I’m not a native english speaker, in fact, I’m Italian, and although I studied English Language and Literature at University, I never lived abroad for a long period. I consider myself to be pretty good at writing in my native language, and this blog could be much less hassle for me if it was in Italian, but I want to keep practicing and improve my english writing skills.
I like my sentences to be clear and concise, I don’t like to dwell into long paragraphs and use obscure words just for the sake of it.
I enjoy reading what I can understand, and I find it painful to read a sentence multiple times just to find out that the meaning of it could have been expressed with a handful of simple words. This is what I often come across at work: incomprehensible documents lacking in substance, written by people who still think they can hide their own ignorance behind a wall made up with obsolete and uselessly complicated words. I see people getting away with it, I even have the impression that is it possible to build a career on these premises.
Concealing at any cost, running away from truth as much as possible, because finally, at the core, there’s nothing worthy of being noticed.
A couple of days ago I was reading about an online dating app named Happn, labeled as the new Tinder. I had to read that article like three times, and this doesn’t include me going back and forth through the sentences to catch their meaning. Then I thought I wasn’t paying enough attention to what I was reading or maybe, that’s what it came to my mind, my knowledge of the english language was still not good enough for an article on the Guardian. Shifting my attention to the comments written by the readers I suddenly felt relieved: I wasn’t the only one struggling with that piece of writing.

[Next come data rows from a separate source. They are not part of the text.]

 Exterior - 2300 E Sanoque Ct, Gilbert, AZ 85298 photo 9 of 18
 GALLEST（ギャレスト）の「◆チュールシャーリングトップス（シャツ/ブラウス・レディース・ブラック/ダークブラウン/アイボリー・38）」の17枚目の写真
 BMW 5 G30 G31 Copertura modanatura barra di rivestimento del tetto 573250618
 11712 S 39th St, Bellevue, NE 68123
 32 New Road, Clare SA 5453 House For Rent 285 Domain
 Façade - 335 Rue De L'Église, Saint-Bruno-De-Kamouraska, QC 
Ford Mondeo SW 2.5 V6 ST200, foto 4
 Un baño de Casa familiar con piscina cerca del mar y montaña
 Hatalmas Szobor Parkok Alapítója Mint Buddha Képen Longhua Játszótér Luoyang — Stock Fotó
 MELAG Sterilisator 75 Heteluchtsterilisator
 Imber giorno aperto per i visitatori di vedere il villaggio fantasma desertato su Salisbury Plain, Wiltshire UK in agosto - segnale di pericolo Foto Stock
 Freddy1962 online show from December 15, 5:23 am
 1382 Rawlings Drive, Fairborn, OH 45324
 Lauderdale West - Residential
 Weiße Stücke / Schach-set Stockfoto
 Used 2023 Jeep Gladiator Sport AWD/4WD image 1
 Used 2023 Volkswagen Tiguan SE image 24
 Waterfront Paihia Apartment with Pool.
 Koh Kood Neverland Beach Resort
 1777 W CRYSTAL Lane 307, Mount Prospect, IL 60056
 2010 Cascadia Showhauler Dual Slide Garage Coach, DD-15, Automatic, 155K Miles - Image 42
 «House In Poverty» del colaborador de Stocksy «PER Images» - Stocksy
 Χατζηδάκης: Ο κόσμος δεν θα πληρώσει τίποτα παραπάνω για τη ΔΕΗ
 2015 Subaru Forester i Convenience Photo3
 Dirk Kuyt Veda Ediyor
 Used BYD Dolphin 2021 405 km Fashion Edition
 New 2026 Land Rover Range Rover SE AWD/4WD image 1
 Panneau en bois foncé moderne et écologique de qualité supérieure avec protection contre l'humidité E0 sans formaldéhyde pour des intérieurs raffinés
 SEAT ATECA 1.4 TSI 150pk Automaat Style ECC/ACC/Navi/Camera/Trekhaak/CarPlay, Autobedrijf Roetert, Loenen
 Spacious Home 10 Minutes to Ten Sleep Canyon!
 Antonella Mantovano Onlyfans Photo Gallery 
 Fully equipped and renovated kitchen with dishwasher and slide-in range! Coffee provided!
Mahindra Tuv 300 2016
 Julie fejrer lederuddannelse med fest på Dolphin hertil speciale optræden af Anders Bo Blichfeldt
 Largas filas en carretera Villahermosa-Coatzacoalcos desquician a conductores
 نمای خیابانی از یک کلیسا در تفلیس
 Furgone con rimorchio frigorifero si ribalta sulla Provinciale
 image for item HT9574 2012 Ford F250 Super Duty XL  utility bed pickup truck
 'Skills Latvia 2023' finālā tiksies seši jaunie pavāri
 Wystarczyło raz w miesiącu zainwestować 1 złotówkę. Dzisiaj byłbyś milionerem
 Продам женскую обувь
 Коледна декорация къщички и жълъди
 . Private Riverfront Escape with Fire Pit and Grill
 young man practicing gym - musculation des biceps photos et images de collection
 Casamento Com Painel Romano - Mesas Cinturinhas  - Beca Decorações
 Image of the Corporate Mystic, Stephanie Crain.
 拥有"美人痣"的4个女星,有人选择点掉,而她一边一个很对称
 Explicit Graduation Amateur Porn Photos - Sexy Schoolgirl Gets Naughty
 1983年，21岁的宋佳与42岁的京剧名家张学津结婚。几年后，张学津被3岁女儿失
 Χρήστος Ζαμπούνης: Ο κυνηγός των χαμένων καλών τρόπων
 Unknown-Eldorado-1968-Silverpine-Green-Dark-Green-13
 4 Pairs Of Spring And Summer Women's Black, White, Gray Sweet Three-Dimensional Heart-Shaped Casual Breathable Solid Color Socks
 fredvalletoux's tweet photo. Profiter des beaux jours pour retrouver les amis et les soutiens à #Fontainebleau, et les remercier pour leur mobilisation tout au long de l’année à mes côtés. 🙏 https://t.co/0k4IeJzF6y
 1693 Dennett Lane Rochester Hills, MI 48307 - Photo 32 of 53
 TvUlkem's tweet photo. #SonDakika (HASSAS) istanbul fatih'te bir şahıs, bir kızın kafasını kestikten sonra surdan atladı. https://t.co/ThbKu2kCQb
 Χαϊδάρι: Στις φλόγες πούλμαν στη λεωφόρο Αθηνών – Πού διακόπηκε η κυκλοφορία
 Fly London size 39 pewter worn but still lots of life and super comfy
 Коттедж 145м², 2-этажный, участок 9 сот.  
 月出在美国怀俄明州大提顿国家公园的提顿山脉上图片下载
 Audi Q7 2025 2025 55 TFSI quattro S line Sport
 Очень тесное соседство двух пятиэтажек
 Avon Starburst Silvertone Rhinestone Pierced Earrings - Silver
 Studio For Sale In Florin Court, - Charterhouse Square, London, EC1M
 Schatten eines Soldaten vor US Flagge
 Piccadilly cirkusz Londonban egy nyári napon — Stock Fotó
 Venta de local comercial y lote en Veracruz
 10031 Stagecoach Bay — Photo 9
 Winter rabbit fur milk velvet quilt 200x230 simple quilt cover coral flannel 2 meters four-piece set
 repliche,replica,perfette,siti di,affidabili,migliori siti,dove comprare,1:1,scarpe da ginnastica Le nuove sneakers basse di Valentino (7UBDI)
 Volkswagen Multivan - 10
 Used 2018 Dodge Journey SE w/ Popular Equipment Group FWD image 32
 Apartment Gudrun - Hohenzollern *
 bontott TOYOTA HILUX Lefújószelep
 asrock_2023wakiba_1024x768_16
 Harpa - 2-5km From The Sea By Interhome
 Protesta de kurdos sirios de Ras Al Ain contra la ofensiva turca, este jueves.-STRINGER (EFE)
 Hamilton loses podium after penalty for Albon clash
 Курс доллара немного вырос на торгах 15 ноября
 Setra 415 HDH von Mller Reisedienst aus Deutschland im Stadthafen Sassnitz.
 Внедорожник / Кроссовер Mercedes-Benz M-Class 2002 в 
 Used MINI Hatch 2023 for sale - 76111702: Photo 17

It might be an article, a book, a lecture, an essay or even a speech the one we don’t get: more often than we think, it’s not our fault when we don’t understand. It just happens, and before getting self-conscious about our perceived lack of insight, we should stop and think about why what we’ve just read or heard doesn’t make much sense. Sometimes we don’t understand just because we have built our own standards, and lowering them, for whatever reason, is not a wise choice: if deep down ourselves we know that honest and clear communication is a necessity for us, why should we be intimidated by some embellished pile of twisted crap?